On 5 April 2016 at 23:59, Andy Davidson <a...@santacruzintegration.com>
wrote:

> In my experience my streaming I was getting tens of thousands of empty
> files created in HDFS. This was crushing my systems performance when my
> batch jobs ran over the data sets. There is a lot of over head open and
> closing empty files.
>
> I think creating empty files or keeping empty partitions around is
> probably a bug how ever I never filed a bug report. Please file a bug
> report. Please copy me on the Jira
>
> There is also a related performance issue. I use reparation() to ensure
> CSV files have a max number of rows. (it an product requirement to make csv
> files more user friendly). In my experience if I do not reparation
> a partitions with a single row of data would cause a separate part-* file
> to be created. I wound out with large number of very small files. I have
> always wonder how to configure partitions to get better performance. I
> would think we are better off with a few very large partitions in most
> cases. I.E. Keep more stuff in memory with less overhead.

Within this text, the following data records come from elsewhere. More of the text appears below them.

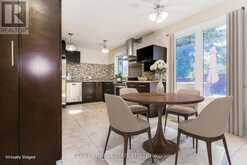 4 NANTUCKET CRESCENT Brampton 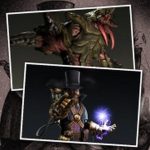 Project ACLAND (Krome Studios) [Xbox 360, PS3, PC - Cancelled]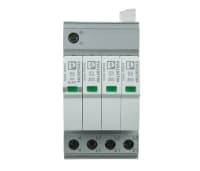 Phoenix Contact Overspanningsbeveiliging - 2905340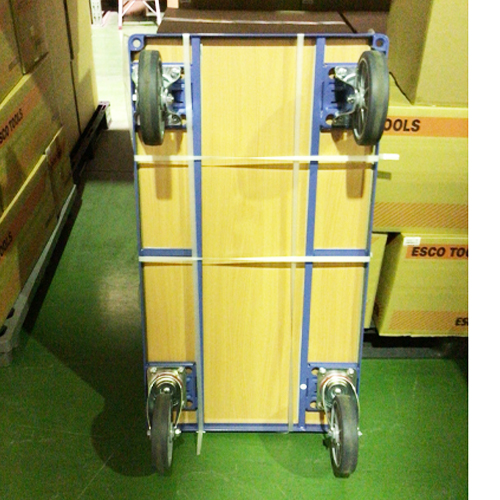 天板裏側\n※画像はEA520BE-31Aです。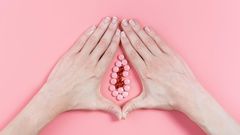Vagina bumps are often normal and not a cause for concern.vvmich/ Getty Images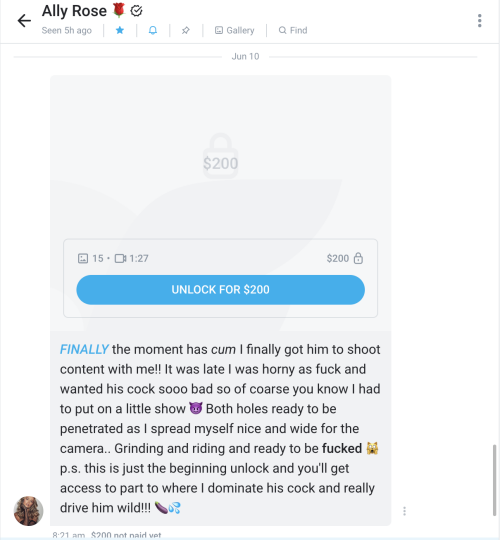 Screen-Shot-2024-06-12-at-9.40.30-PM92a82fa335cfc117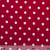 Ткань плательная "Вискоза принт"  100% вискоза, 120 г/м2, шир.150 см Цв.  красный - купить в Кисловодске. Цена 280.82 руб.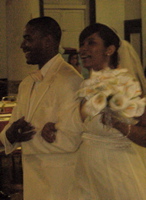 DSCN1519.JPG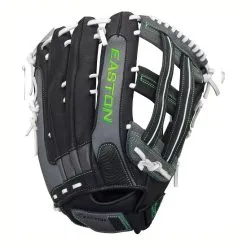 Easton Salvo Elite 14''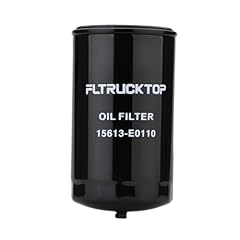 Fltrucktop 15613 e0110 for sale  Delivered anywhere in USA 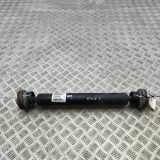 Getriebe Kardanwelle kurz MERCEDES-BENZ GLE (W166) 250 d 4-matic (166.004) A1664108700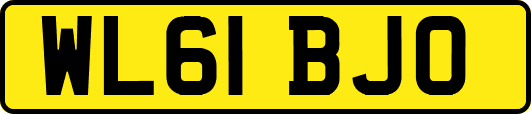 WL61BJO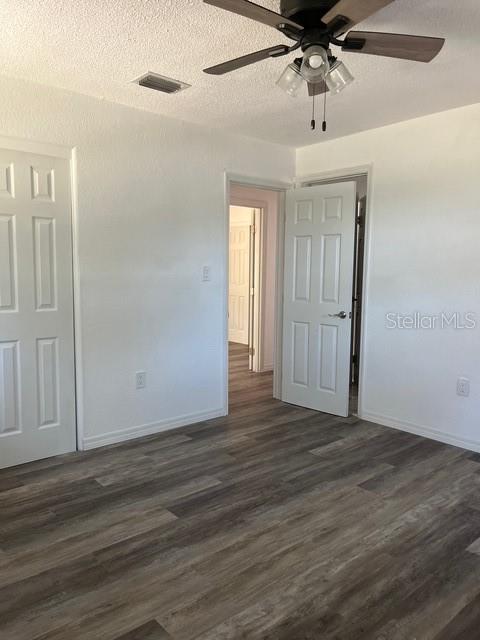 355 HIGHLAND SHORES DR, ELLENTON, FL, 34222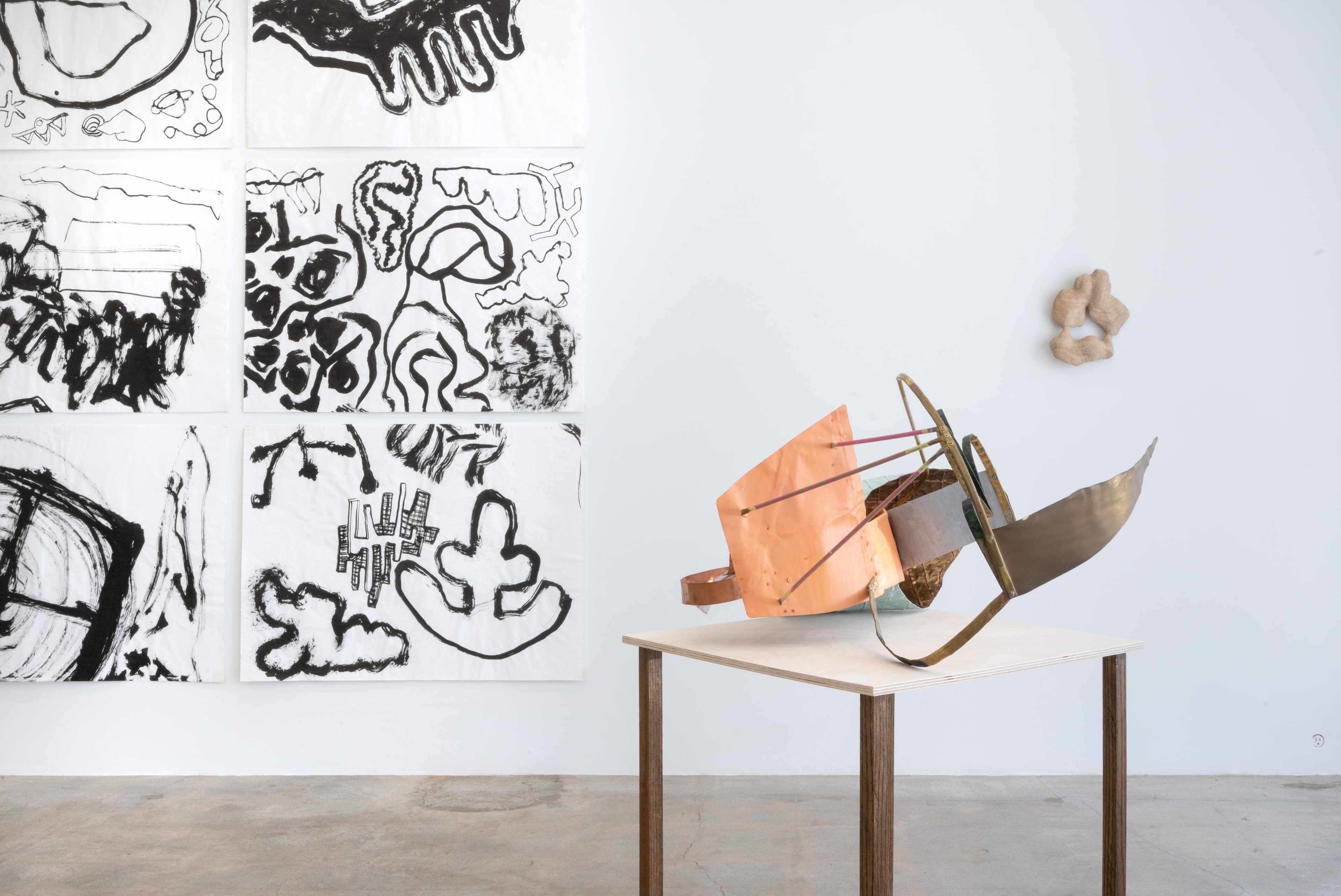 Miho Dohi — Miho Dohi — image 3 of 4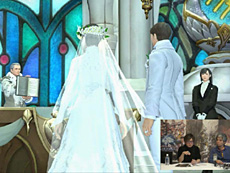 画像ギャラリー No.027のサムネイル画像 / 4Gamerの1週間を振り返る「Weekly 4Gamer」2014年11月29日〜12月5日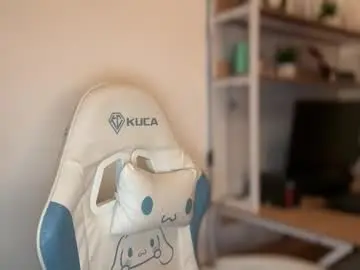 Chaturbate Live Sex Cam of wildkittytrans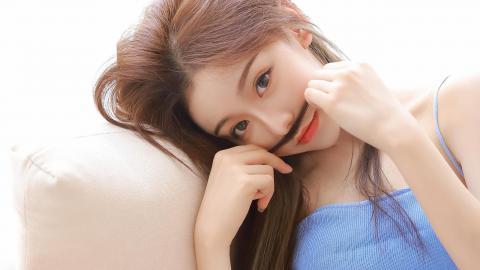 亚洲性日韩一道本_免费观看国产一区二区视频_国产精品一区二区里番_天天精品视频天天躁-99re5.久久热最新地址_久久精品国产亚洲av五区_欧美日韩国产精品第12页_亚洲综合在线日韩|广东工业大学研发新材料给芯片“退烧”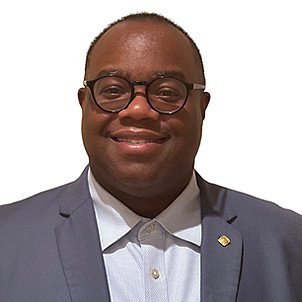 NATHAN JAMES MCALISTER Your Registered Representative & Insurance Agent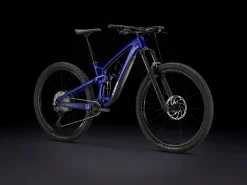 Trek Bikes Fuel EX 7 Gen 6 Shop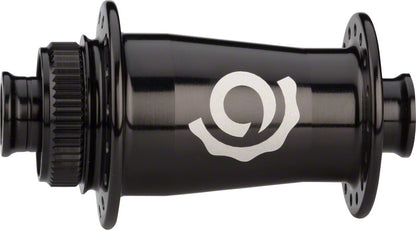 Industry Nine Torch Classic Mountain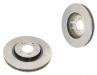 Bremsscheibe Brake Disc:45251-S1A-E20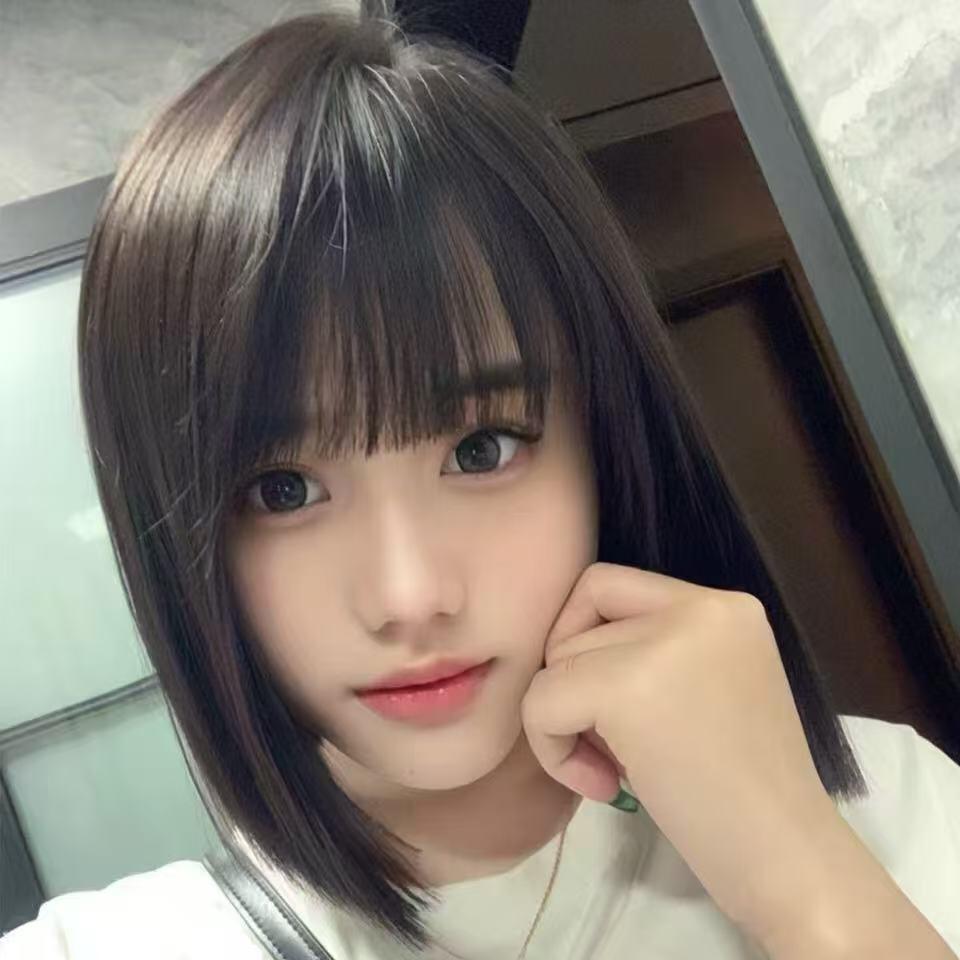 隐形的翅膀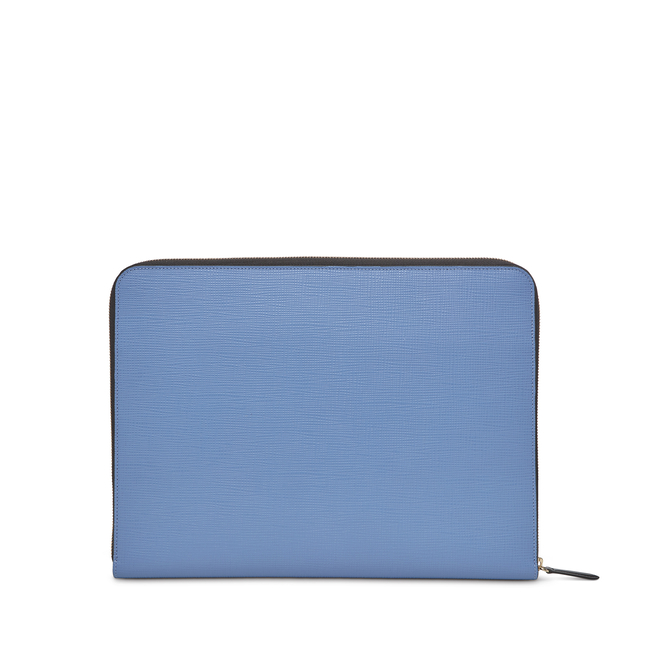 Panama Folio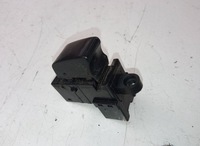 фото thumb №1, Переключатель окон правый перед nissan primera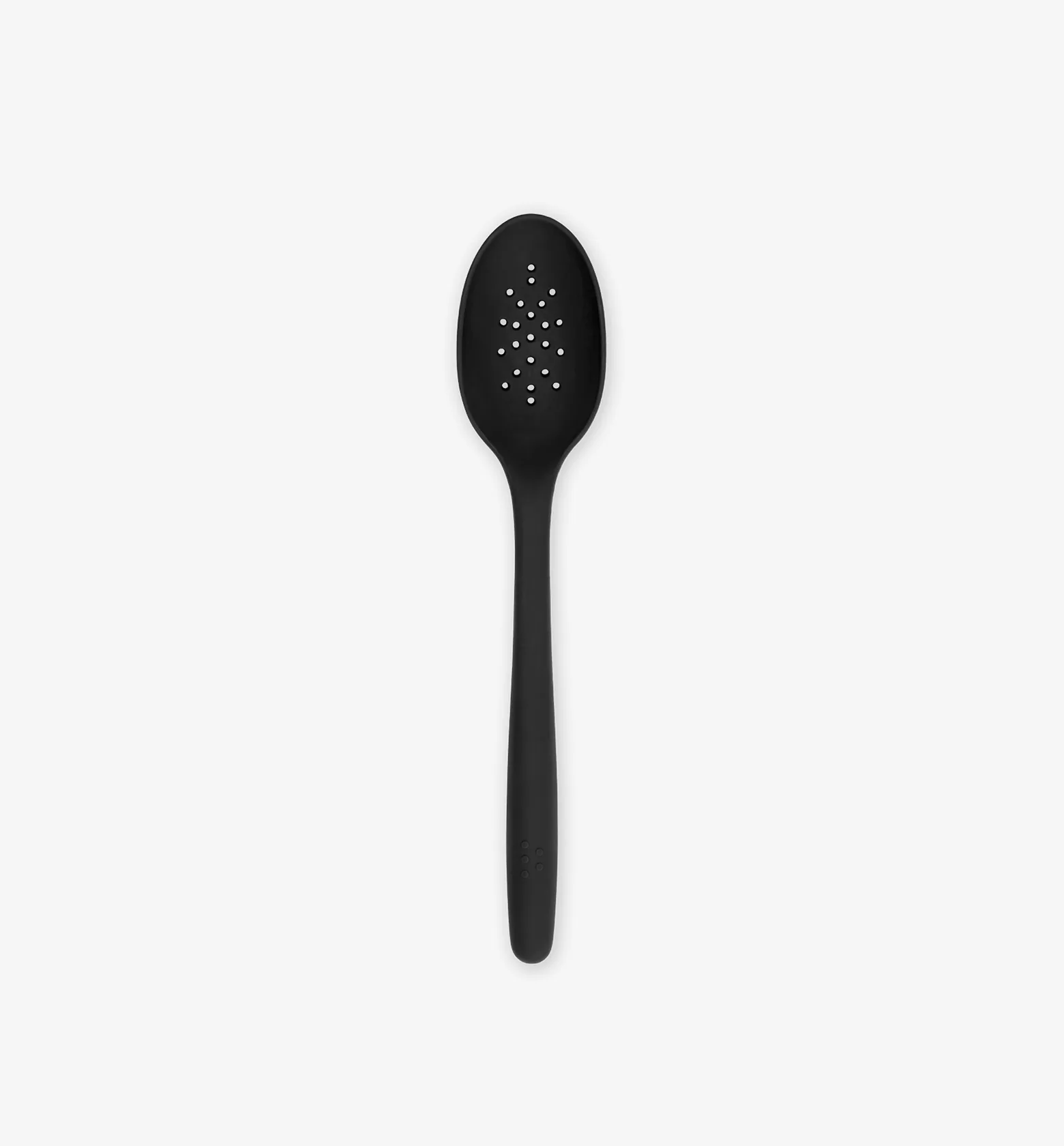 Slotted Spoon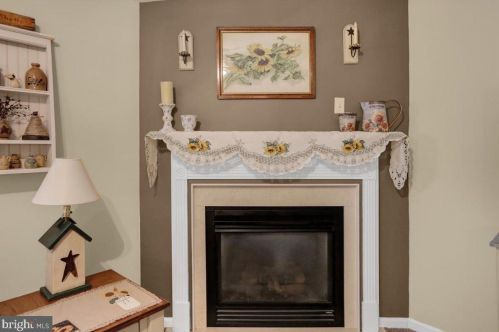 111 Allison Pl, Blandon PA  19510-9486 exterior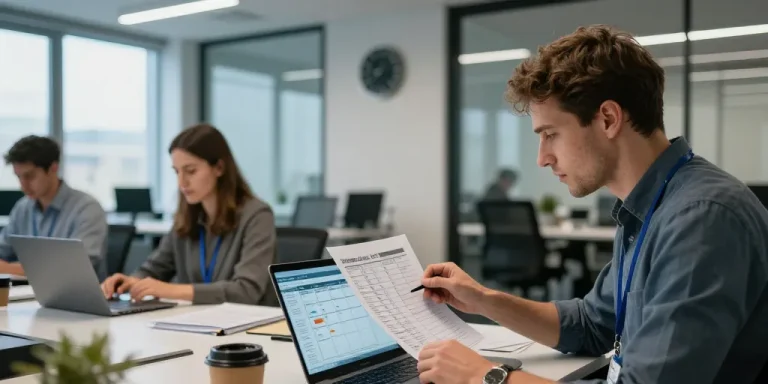 est ce que le samedi est un jour ouvrable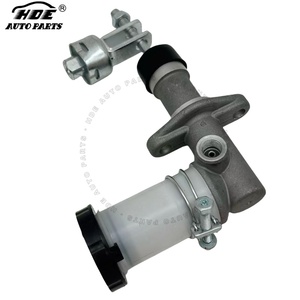 MB-555114 MB555114 Vente en gros de pièces automobiles HDE, cylindre maître d'embrayage pour Mitsubishi Pajero - Product Image 2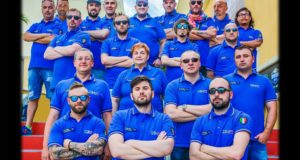 italian poker team 2016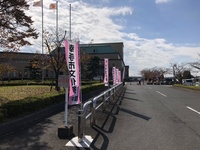 ファイル 1767-3.jpeg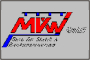 MVW Büro für Statik und Baukonstruktion GmbH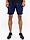 Obrázek adidas Spodenki męskie Tiro 24 Sweat IS2158 varianty produktu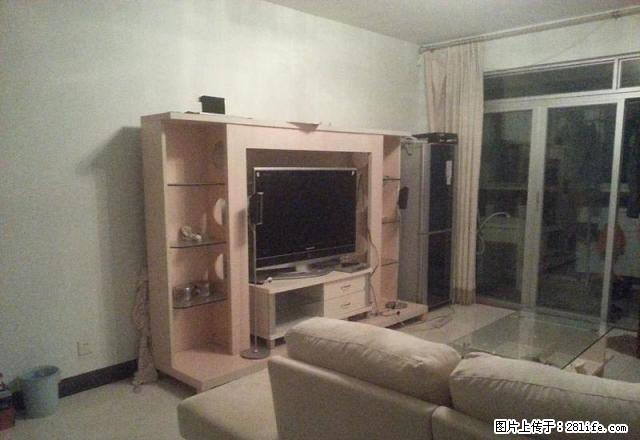 航空新城附近 万科品牌 即租即入住 - 房屋出租 - 房屋租售 - 珠海分类信息 - 珠海28生活网 zh.28life.net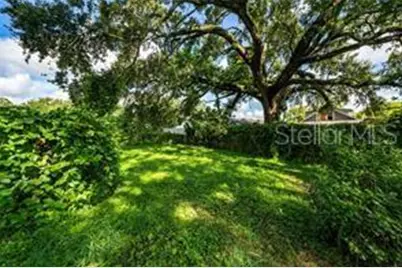 713 22nd Street, Orlando, FL 32805 - Photo 18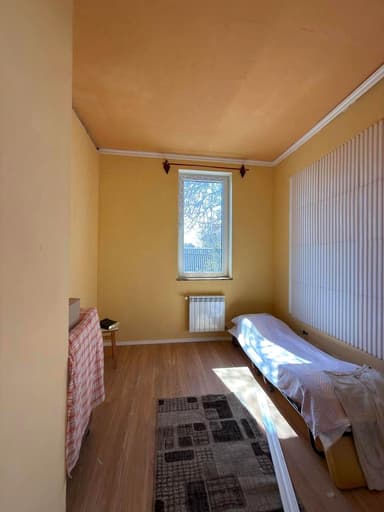 Будинок за адресою вул. Академіка Корольова (площа 160 м²) - фото 70 Будинок за адресою вул. Академіка Корольова (площа 160 м²) - Atlanta.ua - фото 70
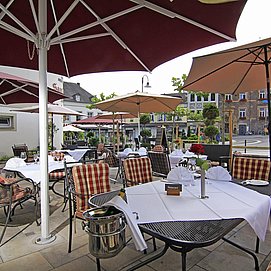 Saarburger Hof (2)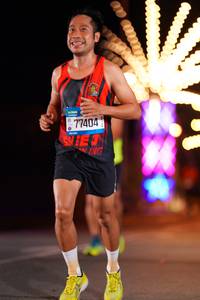 BIB: 77404
                            <button type="button" onclick="openModal(20767967)" class="btn btn-primary btn-sm float-right btn-popup" data-toggle="modal" data-target=".modal-high-quality">
                        <i class="fas fa-shopping-cart"></i> Add to Cart
                    </button>
                                            <button type="button" onclick="isThisMe(20767967, true)" class="btn btn-success btn-sm float-right btn-popup btn-isme hidden" data-toggle="tooltip" data-placement="bottom" title="นี่คือรูปของคุณใช่ไหม คลิกที่นี่เพื่อเอาเข้าอัลบั้ม">
                        <i class="fas fa-plus"></i> Add to album
                    </button>
                    <button type="button" onclick="isThisMe(20767967, false)" class="btn btn-warning btn-sm float-right btn-popup btn-isnotme hidden">
                        <i class="fas fa-ban"></i> Remove from album
                    </button>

I was really
> hoping Spark would automatically handle this for me
>
> Andy
>
> From: Mich Talebzadeh <mich.talebza...@gmail.com>
> Date: Tuesday, April 5, 2016 at 3:49 PM
> To: Andrew Davidson <a...@santacruzintegration.com>
> Cc: "user @spark" <user@spark.apache.org>
> Subject: Re: Saving Spark streaming RDD with saveAsTextFiles ends up
> creating empty files on HDFS
>
> Thanks Andy.
>
> Do we know if this is a known bug or simply a feature that on the face of
> it Spark cannot save RDD output to a text file?
>
>
>
> Dr Mich Talebzadeh
>
>
>
> LinkedIn * 
> https://www.linkedin.com/profile/view?id=AAEAAAAWh2gBxianrbJd6zP6AcPCCdOABUrV8Pw
> <https://www.linkedin.com/profile/view?id=AAEAAAAWh2gBxianrbJd6zP6AcPCCdOABUrV8Pw>*
>
>
>
> http://talebzadehmich.wordpress.com
>
>
>
> On 5 April 2016 at 23:35, Andy Davidson <a...@santacruzintegration.com>
> wrote:
>
>> Hi Mich
>>
>> Yup I was surprised to find empty files. Its easy to work around. Note I
>> should probably use coalesce() and not repartition()
>>
>> In general I found I almost always need to reparation. I was getting
>> thousands of empty partitions. It was really slowing my system down.
>>
>>    private static void save(JavaDStream<String> json, String
>> outputURIBase) {
>>
>>         /*
>>
>>         using saveAsTestFiles will cause lots of empty directories to be
>> created.
>>
>>         DStream<String> data = json.dstream();
>>
>>         data.saveAsTextFiles(outputURI, null);
>>
>>         */
>>
>>
>>
>>         jsonTweets.foreachRDD(new VoidFunction2<JavaRDD<String>, Time>()
>> {
>>
>>             private static final long serialVersionUID = 1L;
>>
>>             @Override
>>
>>             public void call(JavaRDD<String> rdd, Time time) throws
>> Exception {
>>
>>                 Long count = rdd.count();
>>
>>                 //if(!rdd.isEmpty()) {
>>
>>                 if(count > 0) {
>>
>>                     rdd = repartition(rdd, count.intValue());
>>
>>                     long milliSeconds = time.milliseconds();
>>
>>                     String date = Utils.convertMillisecondsToDateStr(
>> milliSeconds);
>>
>>                     String dirPath = outputURIBase
>>
>>                             + File.separator +  date
>>
>>                             + File.separator + "tweet-" + time
>> .milliseconds();
>>
>>                     rdd.saveAsTextFile(dirPath);
>>
>>                 }
>>
>>             }
>>
>>
>>
>>             final int maxNumRowsPerFile = 200;
>>
>>             JavaRDD<String> repartition(JavaRDD<String> rdd, int count) {
>>
>>
>>                 long numPartisions = count / maxNumRowsPerFile + 1;
>>
>>                 Long tmp = numPartisions;
>>
>>                 rdd = rdd.repartition(tmp.intValue());
>>
>>                 return rdd;
>>
>>             }
>>
>>         });
>>
>>
>>
>>     }
>>
>>
>>
>> From: Mich Talebzadeh <mich.talebza...@gmail.com>
>> Date: Tuesday, April 5, 2016 at 3:06 PM
>> To: "user @spark" <user@spark.apache.org>
>> Subject: Saving Spark streaming RDD with saveAsTextFiles ends up
>> creating empty files on HDFS
>>
>> Spark 1.6.1
>>
>> The following creates empty files. It prints lines OK with println
>>
>> val result = lines.filter(_.contains("ASE 15")).flatMap(line =>
>> line.split("\n,")).map(word => (word, 1)).reduceByKey(_ + _)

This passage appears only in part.